Reproduce exactly the lines from the one containing "Pumpkin Spice and Equal Rights Garden Flag" through the last line of the records below, both included. Leave out any pictures.
....
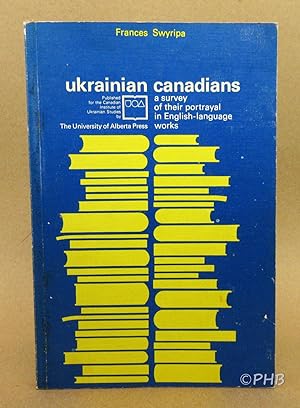 Ukrainian Canadians: A Survey of Their Portrayal in English-Language Works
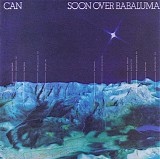 Can - Soon Over Babaluma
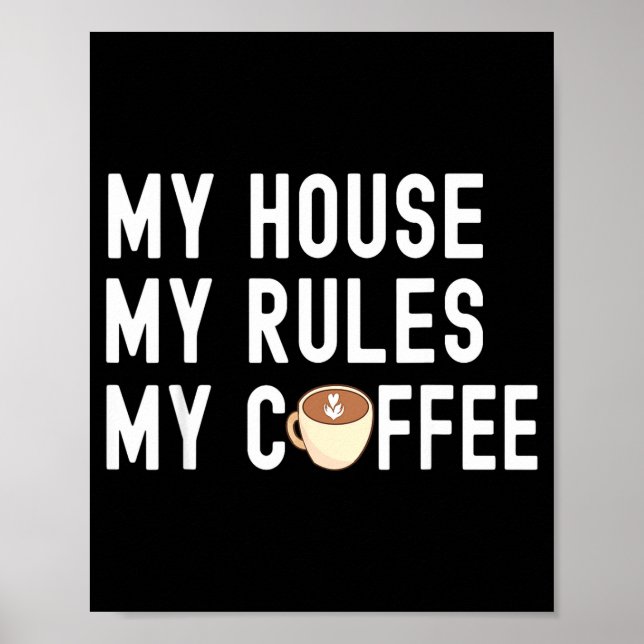 Funny Quote Coffee Lover My House My Rules My Coff Poster (Vorne)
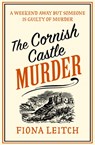 The Cornish Castle Murder - Fiona Leitch - 9780008647285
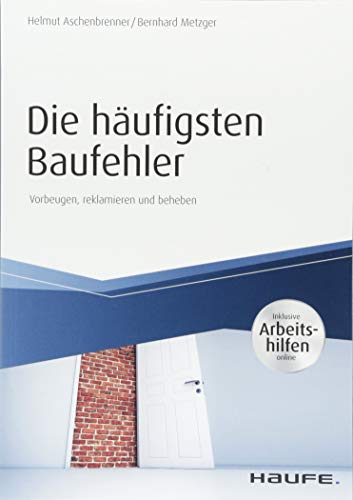 Beispielbild fr Die hufigsten Baufehler - inkl. Arbeitshilfen online: Vorbeugen, reklamieren und beheben (Haufe Fachbuch) zum Verkauf von medimops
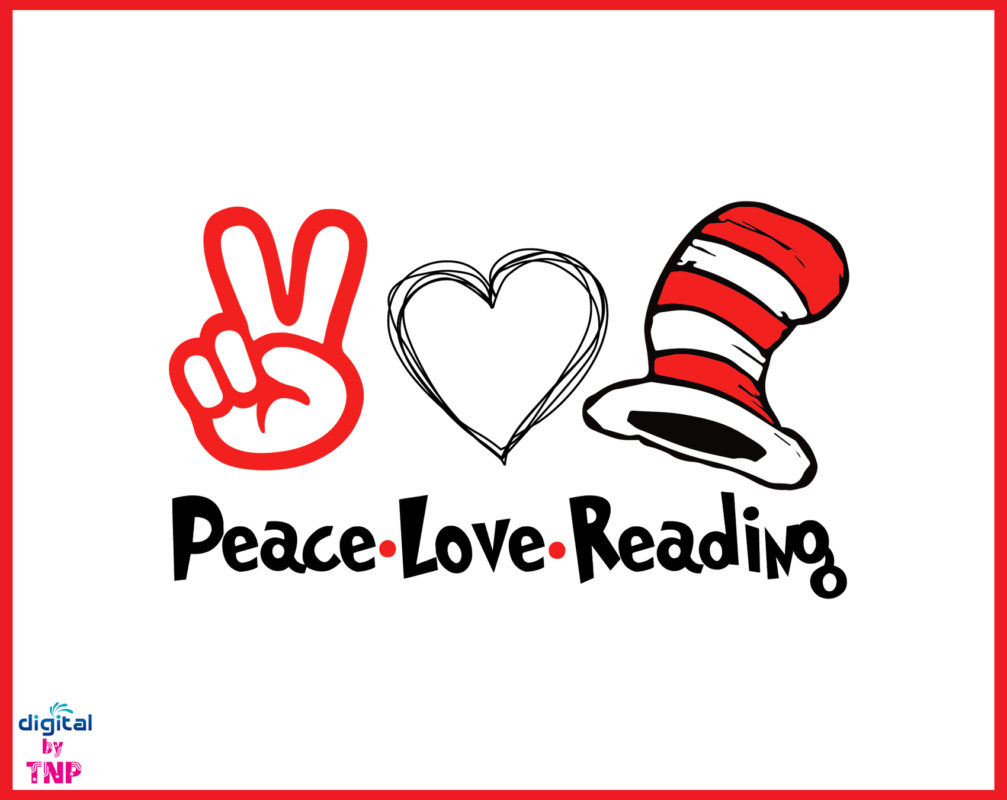B, Peace love Reading Read Across America SVG, Dr Seuss 2020 svg, png
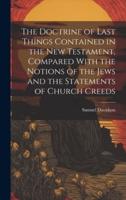 The Doctrine of Last Things Contained in the New Testament, Compared With the Notions of the Jews and the Statements of Church Creeds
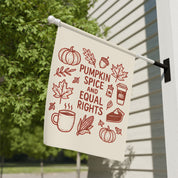 Pumpkin Spice and Equal Rights Garden Flag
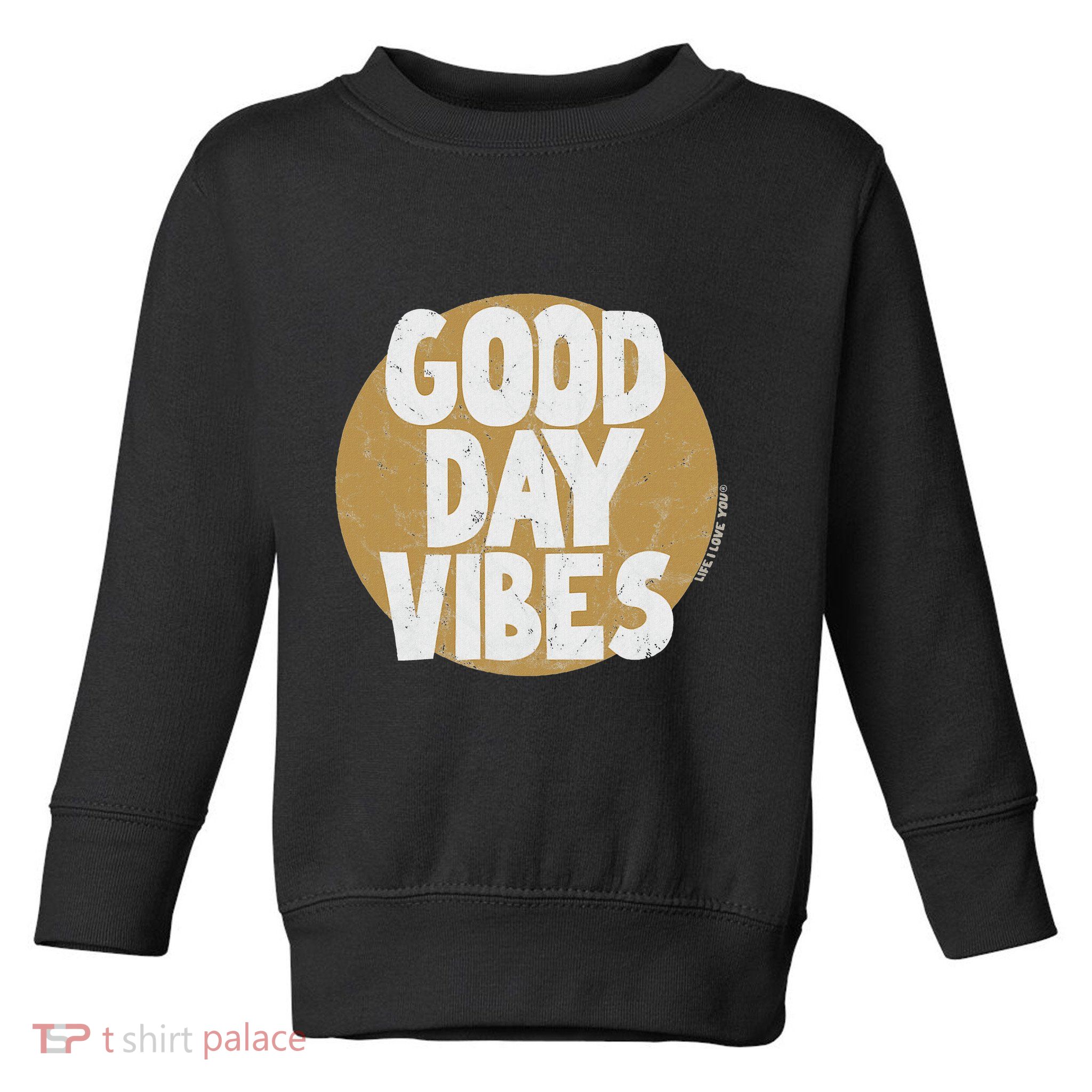 Fun Good Day Vibes Feel Good Design Positive Message Toddler Sweatshirt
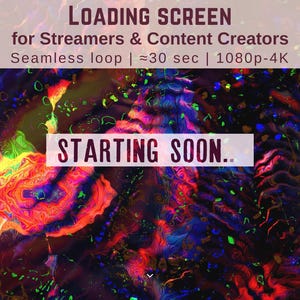 May include: A vibrant digital graphic with a colorful, abstract design. Text at the top reads "LOADING SCREEN for Streamers & Content Creators." A banner displays "STARTING SOON.." The image is designed for a seamless loop, approximately 30 seconds long, in 1080p-4K resolution.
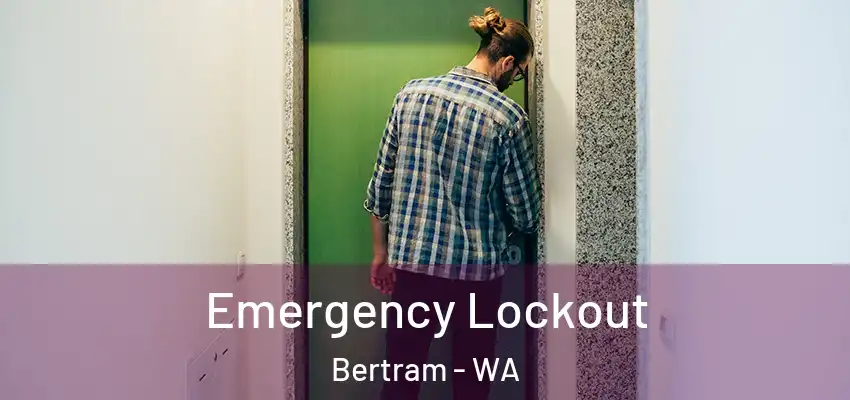 Emergency Lockout Bertram - WA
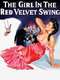 The Girl in the Red Velvet Swing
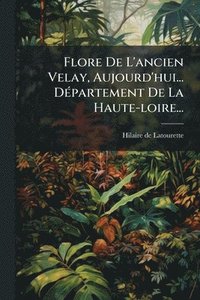 bokomslag Flore De L'ancien Velay, Aujourd'hui... DÃ(c)partement De La Haute-loire...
....
REPLY TO THE TASK
 Pumpkin Spice and Equal Rights Garden Flag
 Fun Good Day Vibes Feel Good Design Positive Message Toddler Sweatshirt
 May include: A vibrant digital graphic with a colorful, abstract design. Text at the top reads "LOADING SCREEN for Streamers & Content Creators." A banner displays "STARTING SOON.." The image is designed for a seamless loop, approximately 30 seconds long, in 1080p-4K resolution.
 Emergency Lockout Bertram - WA
 The Girl in the Red Velvet Swing
 bokomslag Flore De L'ancien Velay, Aujourd'hui... DÃ(c)partement De La Haute-loire...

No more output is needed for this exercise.